We live in the home of the future. Built in 1896, with wood harvested from local resources, this house has raised at least four families. It's had some indignities committed against it, but it shows little evidence of giving up soon.
In 1896, did the builders pause to think about the coming era? Otto Lillienthal was experimenting with heavier than air flight, but Orville and Wilbur's flyer was still 7 years in the future. Further in future, were the 1939 Chicago World's Fair, spaceflight, and the struggle for equalities of all persuasions.

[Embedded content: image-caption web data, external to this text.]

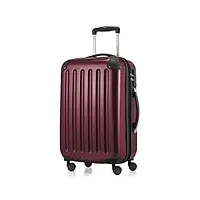 hauptstadtkoffer - alex - bagage à main cabine, trolley rigide extensible, tsa, 55 cm, 42 litres, bordeaux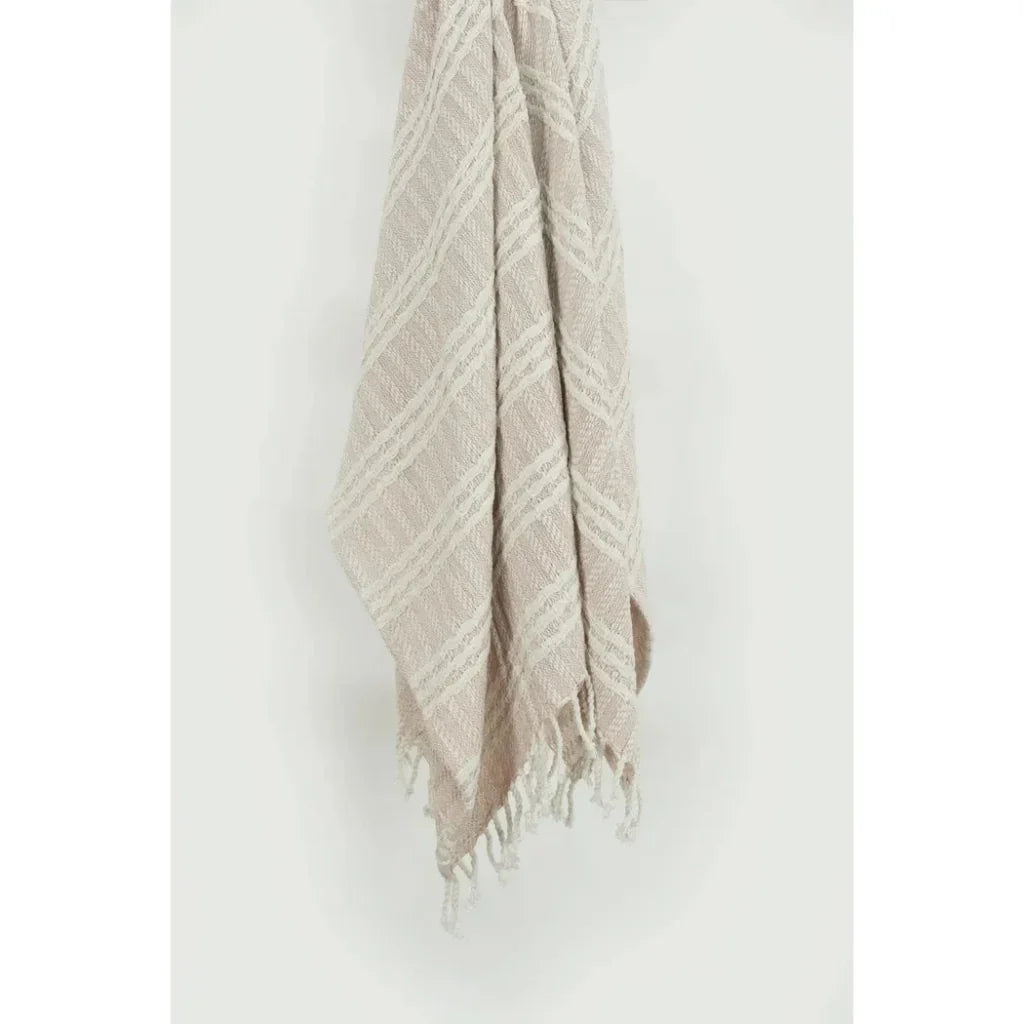 Jenny Handloomed Soft Cotton Throw Blanket - LOOMLAN - LOOMLAN - Throw Blankets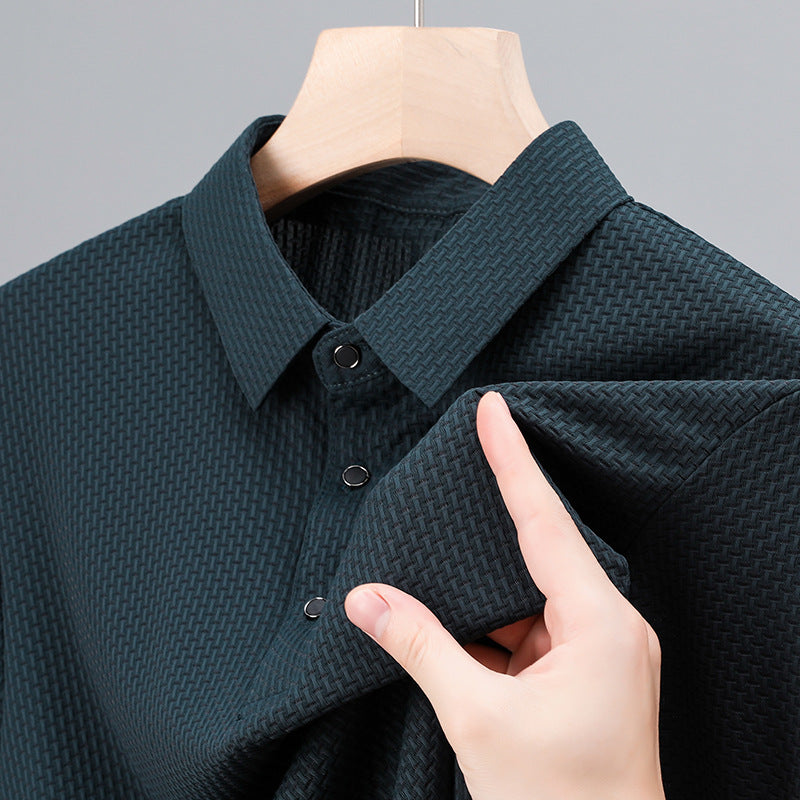 Alex Ford Icy Nylon Short-Sleeve Polo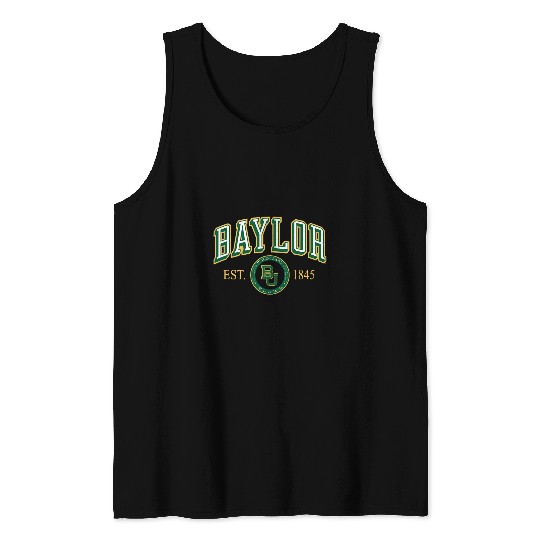 Bear Pet Baylor Bears Seals Logo Officially Licensed Tank Tops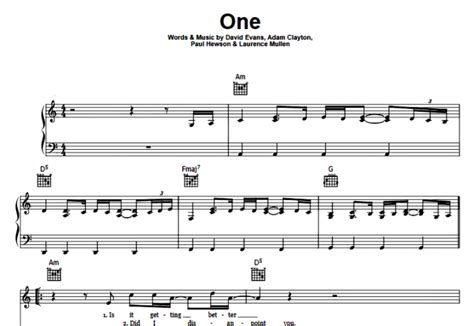 U One Free Sheet Music Pdf For Piano The Piano Notes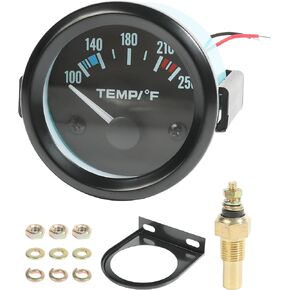 2" 52mm Water Temp Gauge,100-250℉ Water Temperature Gauge,Car Accessories Car Water Temp Gauge Meter with LED Backlight,Water Temp Thermometer Meter Kit for Car Truck Vehicle Automotive Boat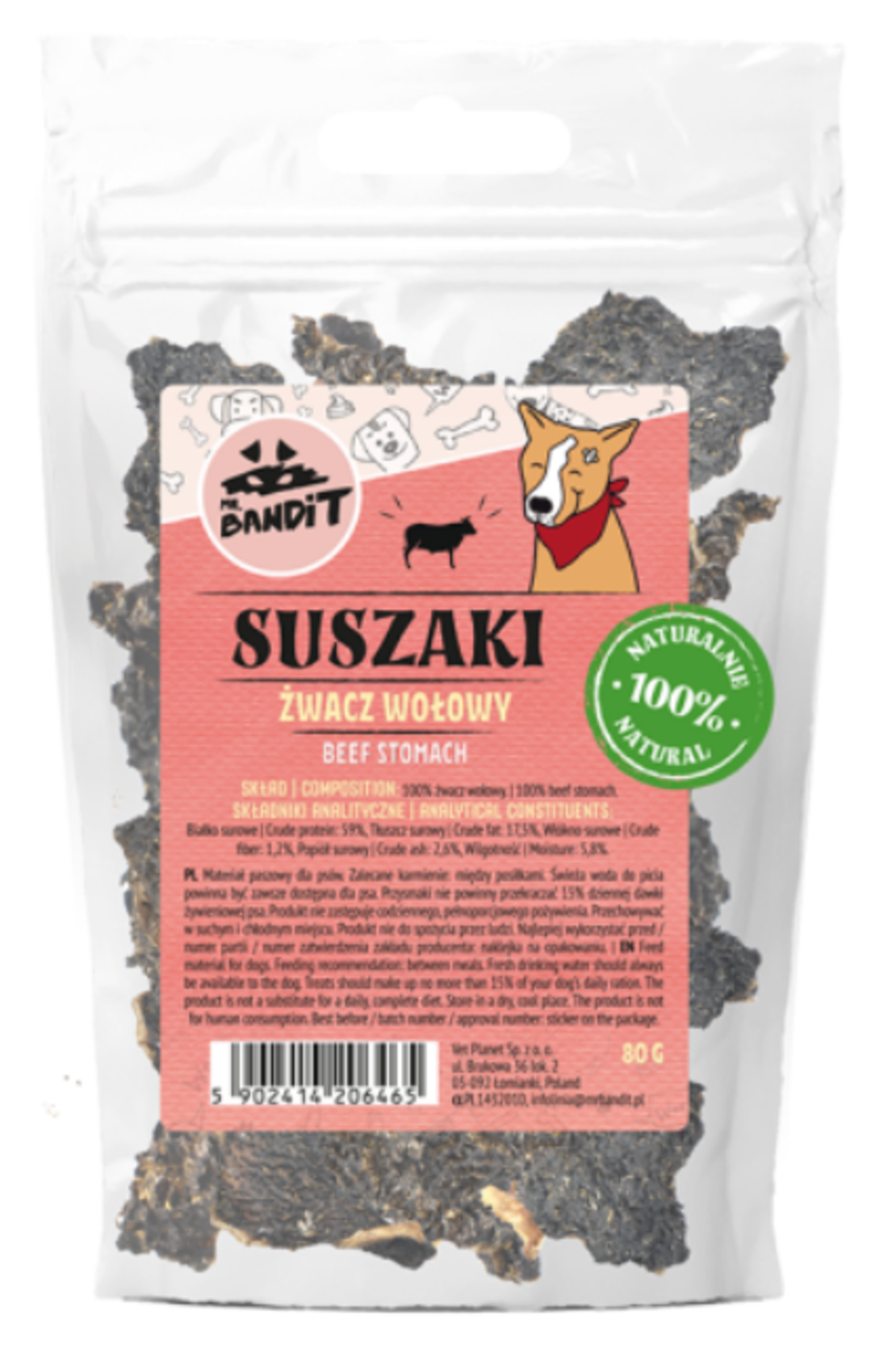 Mr Bandit Rumen beef, 80g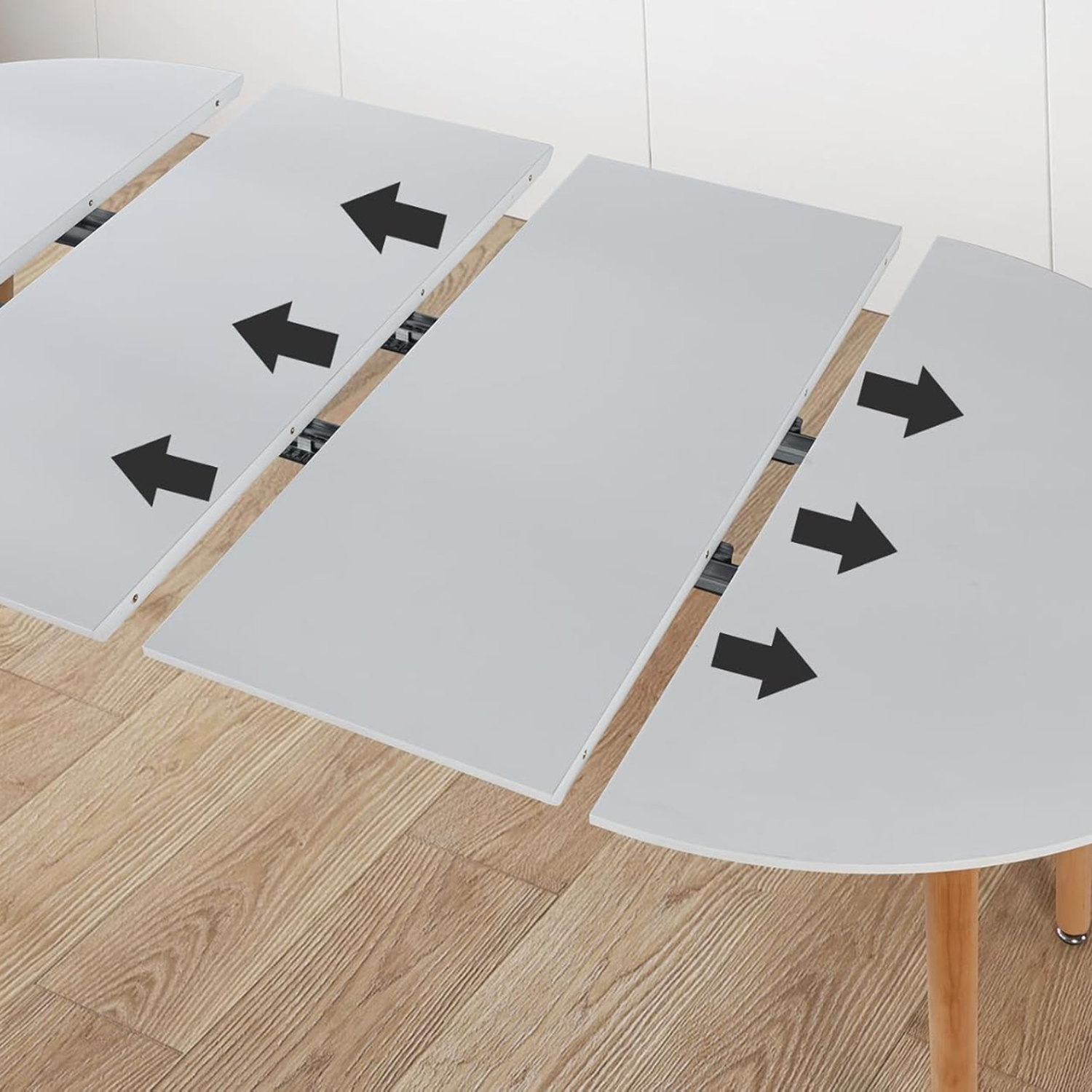 Mesa Extensible Bayona Blanca | 100cm a 180cm-4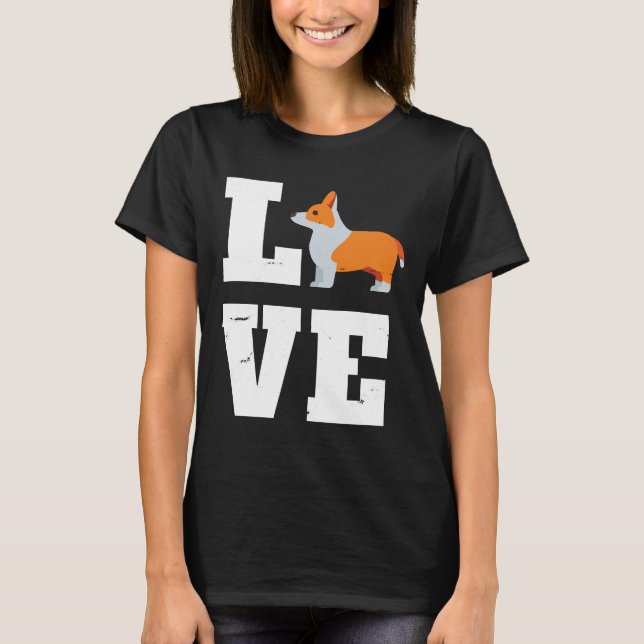 Camiseta Corgi Dog I Love Corgis (Frente)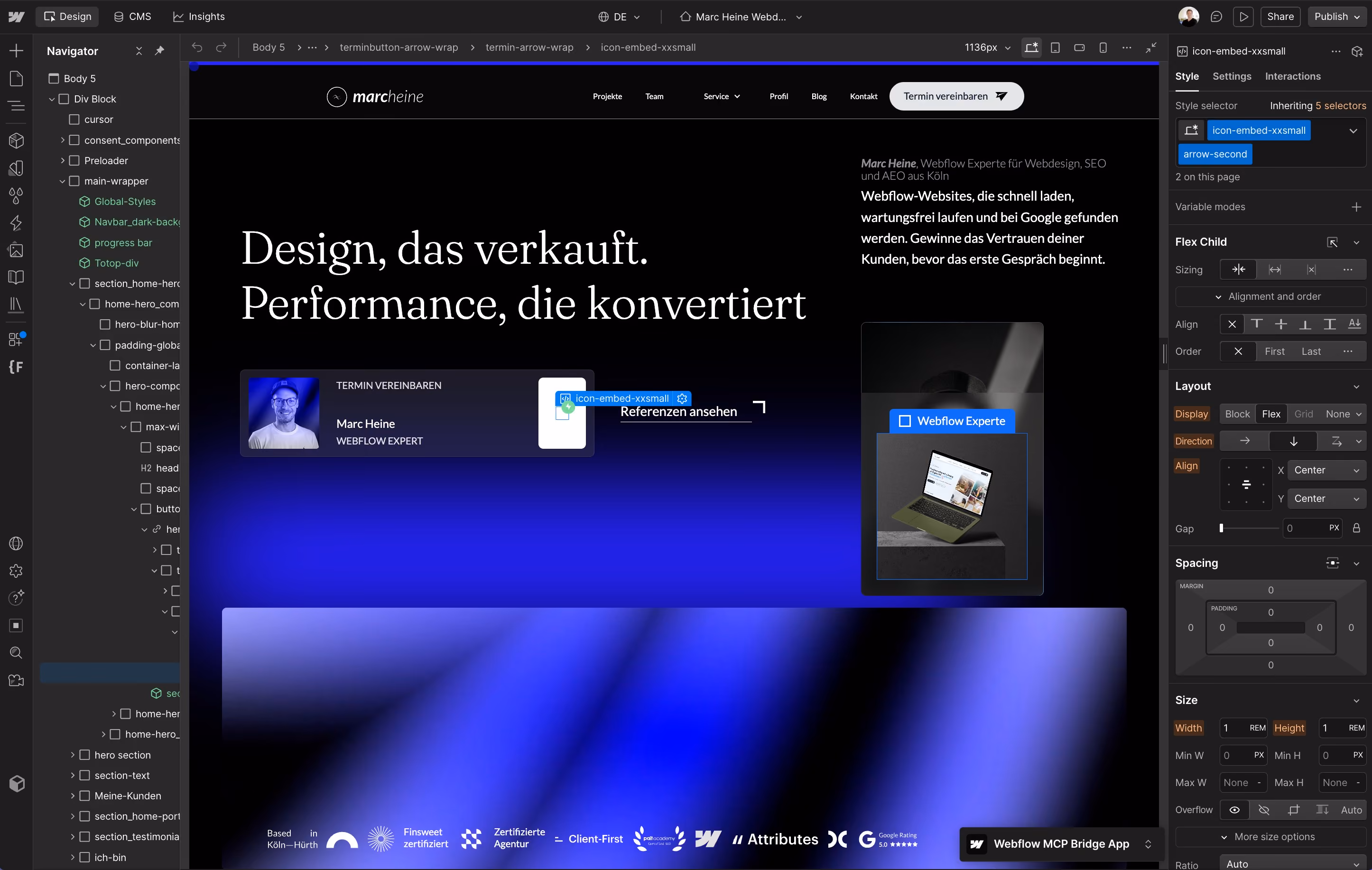 Webflow start page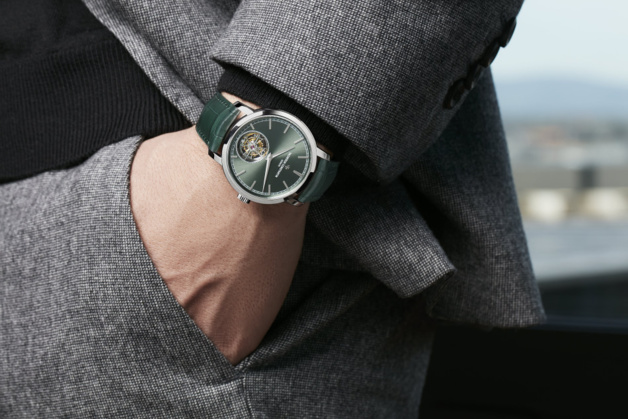 Vacheron Constantin Traditionnelle tourbillon platine : 41 mm, extra-plat et cadran vert Vacheron Constantin Traditionnelle tourbillon platine : 41 mm, extra-plat et cadran vert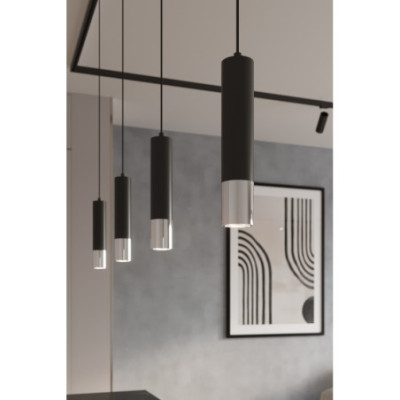 Lampa wisząca LOOPEZ czarny/miedź GU10 Make Your Light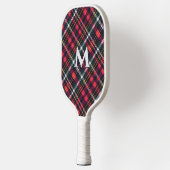 Tartan Plaid Monogram Pickleball Paddle (Links)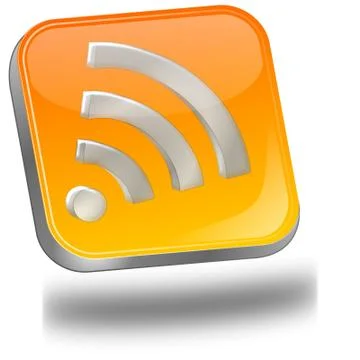 Wireless WiFi Wlan button Stock Illustration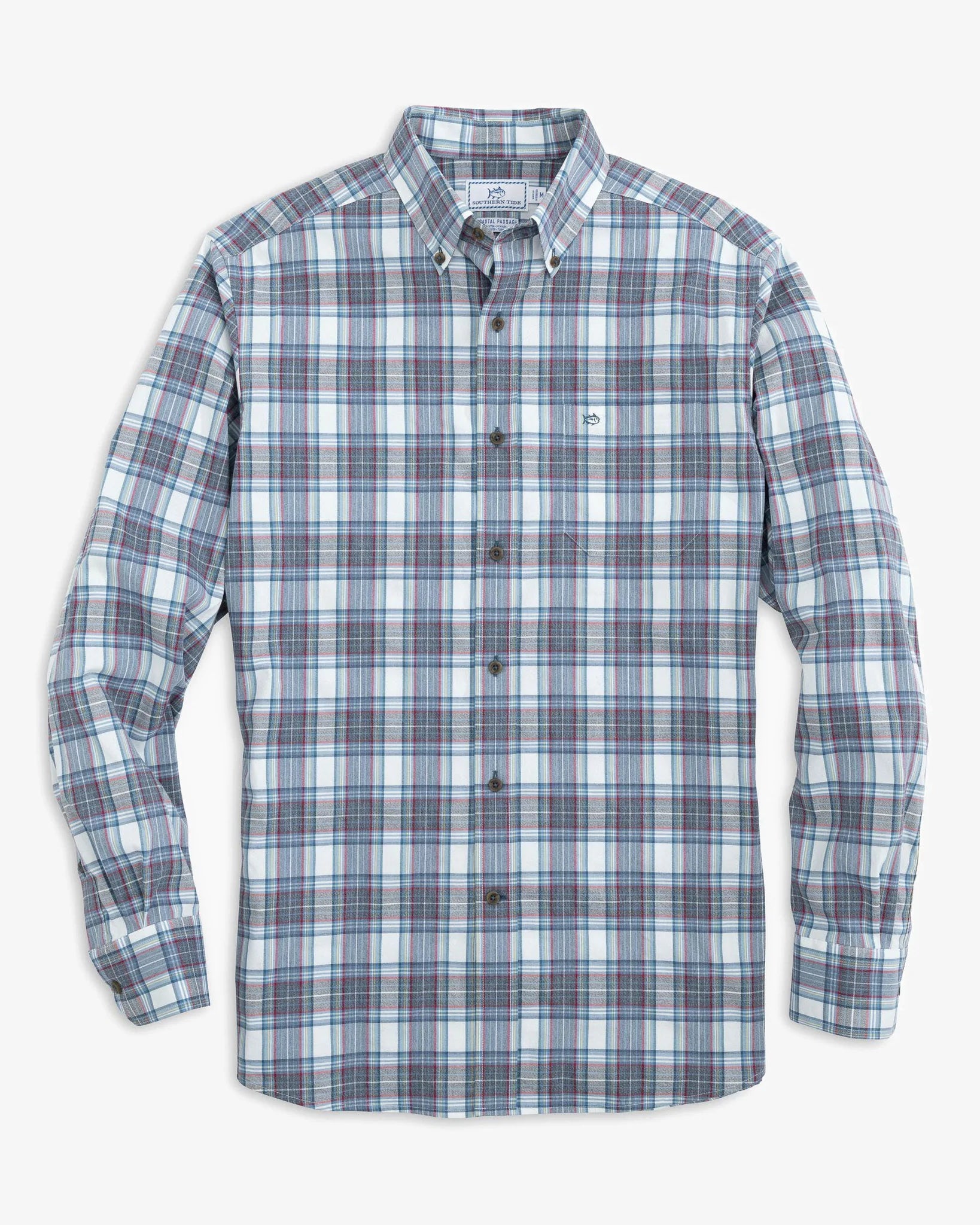 Southern Tide Coastal Passage Rhett Plaid Sportshirt 8614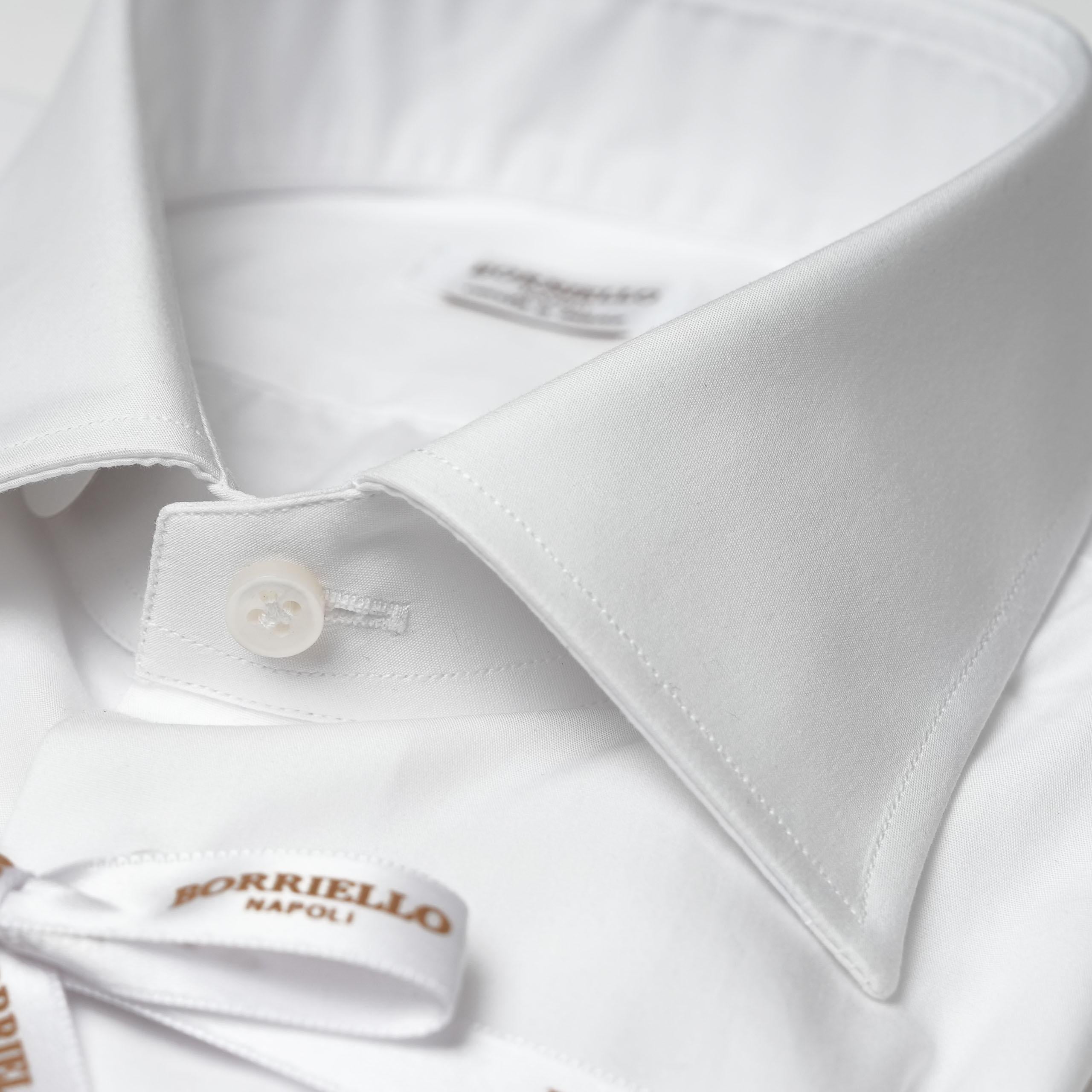 camicia bianca 1401SPACCANAPOLI 1 BORRIELLO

It's a Home of the Future because it performs the primary requisite task: it limits the ecological footprint of our family of four. In the future, we will all live within the resource budget of the Earth (plus any space resources we learn to harvest!). We'll leave our wild areas wild rather than sprawling in to them, and we'll rehabilitate our urban areas to allow humans and nature to coexist more peacefully. We'll bring a little more wild into our backyards. Driving a motor home with a microwave and TV into the forest for a "vacation" is really an effort to have a wild backyard.
Another thing we'll have to work out is paying for training. How many of us buy new stuff when the old stuff gets a little worn? When the cost to repair an appliance approaches the cost to replace it, don't we go get a new one? The packaging might end up in the recycling, but the old appliance often ends up in landfill.